Selon cet expert en urbanisme qui a requis l'anonymat, il y a plus d'une vingtaine de points bas qui ont été relevés. Les sites sont connus. Pour lui, à Touba, les habitants ont un rapport très fort avec leurs quartiers, soit par l'histoire, soit par les liens avec leurs descendants. C'est pourquoi il estime que l'autorité religieuse doit s'impliquer, et de manière ferme, s'il le faut. " Il faut déguerpir dans certaines zones, proposer des Zones d'aménagement concerté et impliquer tous les services compétents afin de faire comprendre à l'autorité, avec des termes clairs, ce qu'il faut faire concrètement.

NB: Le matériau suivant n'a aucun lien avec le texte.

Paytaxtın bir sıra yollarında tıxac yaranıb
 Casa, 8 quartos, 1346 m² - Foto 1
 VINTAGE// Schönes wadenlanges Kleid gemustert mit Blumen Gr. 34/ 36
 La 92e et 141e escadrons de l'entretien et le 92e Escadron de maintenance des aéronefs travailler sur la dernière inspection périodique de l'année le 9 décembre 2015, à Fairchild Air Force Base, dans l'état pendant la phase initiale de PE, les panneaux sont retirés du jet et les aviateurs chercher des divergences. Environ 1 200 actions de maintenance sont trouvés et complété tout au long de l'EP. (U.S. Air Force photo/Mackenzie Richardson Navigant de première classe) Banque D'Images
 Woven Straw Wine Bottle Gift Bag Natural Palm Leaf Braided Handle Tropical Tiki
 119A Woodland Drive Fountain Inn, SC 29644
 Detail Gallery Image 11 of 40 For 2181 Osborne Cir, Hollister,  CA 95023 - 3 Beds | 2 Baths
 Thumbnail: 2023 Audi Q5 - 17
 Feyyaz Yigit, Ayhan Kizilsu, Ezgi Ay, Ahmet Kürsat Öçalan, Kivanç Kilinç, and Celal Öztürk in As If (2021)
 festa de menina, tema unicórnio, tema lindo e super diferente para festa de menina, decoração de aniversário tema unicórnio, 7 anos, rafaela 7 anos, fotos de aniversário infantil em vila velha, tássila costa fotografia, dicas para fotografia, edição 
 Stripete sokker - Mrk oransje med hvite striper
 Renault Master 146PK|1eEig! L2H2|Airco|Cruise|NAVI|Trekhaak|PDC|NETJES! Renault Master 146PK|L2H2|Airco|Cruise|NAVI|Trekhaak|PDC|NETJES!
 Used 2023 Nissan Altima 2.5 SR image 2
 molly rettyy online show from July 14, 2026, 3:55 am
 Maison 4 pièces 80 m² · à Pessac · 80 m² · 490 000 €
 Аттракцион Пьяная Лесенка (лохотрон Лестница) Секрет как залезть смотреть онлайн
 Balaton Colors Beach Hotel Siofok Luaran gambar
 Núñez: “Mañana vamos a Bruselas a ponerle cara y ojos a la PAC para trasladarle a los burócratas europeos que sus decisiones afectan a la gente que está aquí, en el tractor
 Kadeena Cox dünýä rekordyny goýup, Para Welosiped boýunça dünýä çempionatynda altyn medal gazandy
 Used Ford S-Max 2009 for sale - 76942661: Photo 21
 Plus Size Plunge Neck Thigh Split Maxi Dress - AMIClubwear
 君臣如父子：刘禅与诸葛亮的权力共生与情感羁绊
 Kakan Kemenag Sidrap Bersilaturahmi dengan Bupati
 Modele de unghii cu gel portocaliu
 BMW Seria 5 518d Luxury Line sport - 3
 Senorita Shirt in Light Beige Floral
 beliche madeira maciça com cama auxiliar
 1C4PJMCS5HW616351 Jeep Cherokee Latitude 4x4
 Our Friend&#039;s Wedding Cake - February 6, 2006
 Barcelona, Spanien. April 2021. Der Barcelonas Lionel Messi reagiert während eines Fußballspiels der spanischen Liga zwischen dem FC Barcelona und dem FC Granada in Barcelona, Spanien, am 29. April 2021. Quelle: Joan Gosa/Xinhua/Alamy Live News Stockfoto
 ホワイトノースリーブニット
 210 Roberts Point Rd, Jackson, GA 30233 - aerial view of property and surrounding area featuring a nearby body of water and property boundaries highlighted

À partir de là, il faudra que l'autorité religieuse s'implique et avec beaucoup de fermeté. À Touba, même le chef de village a un gros pouvoir pour ce qui concerne le foncier. La seule autorité qui peut lui donner des ordres, c'est le Khalife général. Aujourd'hui, tout le monde a compris que le délogement est inévitable, mais le plus dur, c'est comment s'y atteler définitivement ", analyse l'urbaniste.

Au rapport que les populations ont avec le foncier, il faudra ajouter la question de la boulimie foncière. Même si Touba est un Titre foncier, des personnes réussissent à vendre des terres. Selon l'urbaniste, c'est ce qui fait que " le relogement ne sera pas une tâche aisée, mais elle demeure la seule solution ".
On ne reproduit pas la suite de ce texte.